(Entries provided)
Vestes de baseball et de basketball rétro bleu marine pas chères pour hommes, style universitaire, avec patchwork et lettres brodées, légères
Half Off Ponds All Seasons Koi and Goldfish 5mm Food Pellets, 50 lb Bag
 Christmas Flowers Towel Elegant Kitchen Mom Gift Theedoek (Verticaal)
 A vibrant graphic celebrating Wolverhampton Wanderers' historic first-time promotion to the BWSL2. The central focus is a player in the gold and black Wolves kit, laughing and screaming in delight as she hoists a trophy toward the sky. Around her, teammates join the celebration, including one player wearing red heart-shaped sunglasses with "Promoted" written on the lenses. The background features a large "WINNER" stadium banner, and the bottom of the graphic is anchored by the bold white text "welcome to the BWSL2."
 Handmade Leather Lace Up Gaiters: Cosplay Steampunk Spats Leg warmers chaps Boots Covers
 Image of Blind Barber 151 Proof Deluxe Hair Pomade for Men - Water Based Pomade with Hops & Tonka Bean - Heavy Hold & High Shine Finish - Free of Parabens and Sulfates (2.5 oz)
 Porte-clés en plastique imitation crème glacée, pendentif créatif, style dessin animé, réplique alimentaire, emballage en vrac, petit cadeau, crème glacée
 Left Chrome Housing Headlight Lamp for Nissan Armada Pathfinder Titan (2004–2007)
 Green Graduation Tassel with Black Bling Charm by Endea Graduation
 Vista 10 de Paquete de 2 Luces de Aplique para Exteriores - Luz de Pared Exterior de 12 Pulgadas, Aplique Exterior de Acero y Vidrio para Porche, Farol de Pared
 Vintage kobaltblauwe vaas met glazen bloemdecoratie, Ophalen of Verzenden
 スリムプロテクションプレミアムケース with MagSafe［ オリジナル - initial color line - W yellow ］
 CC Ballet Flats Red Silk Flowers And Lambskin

(Task requirements) Show every line in the entries above that contains the string "Flowers".

(Exercise result)
 Christmas Flowers Towel Elegant Kitchen Mom Gift Theedoek (Verticaal)
 CC Ballet Flats Red Silk Flowers And Lambskin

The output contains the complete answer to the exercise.